= Vach nacht =

Jewish ritual period

A vach nacht
(וואך-נאכט; also vacht nacht or vakhnakht) or Brit Yitzchak (ברית יצחק) is the night before the brit milah of a male Jewish child, when he is in need of added spiritual protection. A standard "vach nacht" custom, practised by many Ashkenazi Jews, is to have children come and recite the Shema Yisrael and other verses from the Torah near the baby. It is a pious custom to host a celebratory meal.

==Origins==
The Edut L'Yisrael (a text on sources for customs surrounding weddings and births in Judaism, published in Israel c. 1960) brings sources for the custom to learn and post the night before the brit, as well as make a festive meal. He brings sources at length:

===Learning and prayer===
Firstly, as stressed in the Kabbalistic sources, the night before the circumcision is considered a spiritually dangerous time for the baby; as such, the father would gather ten men to conduct a vigil to study Torah to protect him from metaphysical damage. Thus, this night is given the Yiddish name, "night of watching [or 'guarding']".
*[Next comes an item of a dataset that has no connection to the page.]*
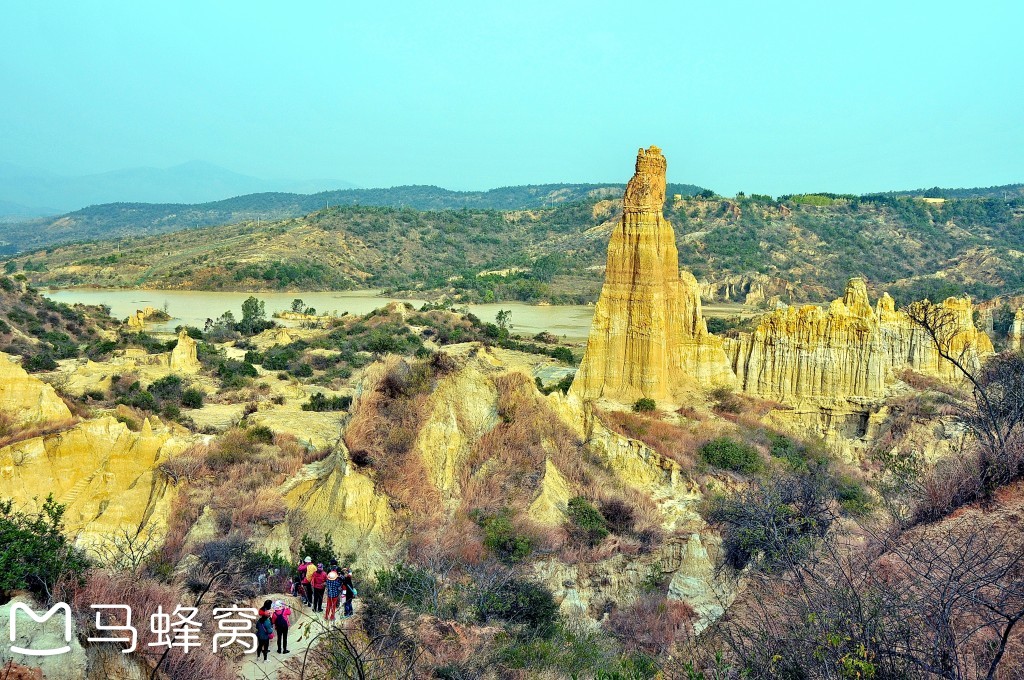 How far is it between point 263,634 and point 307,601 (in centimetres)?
178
Secondly, non-Kabbalistic sources describe a practice several centuries old, that on the Friday night before the brit milah, a melamed would take his preschool-age students to say Shema near the baby, and afterwards receive candy (or their equivalent at that point in history, namely nuts or dried fruit).

===Festive meal===
The source for the festive meal can be found in the writings of the Rishonim.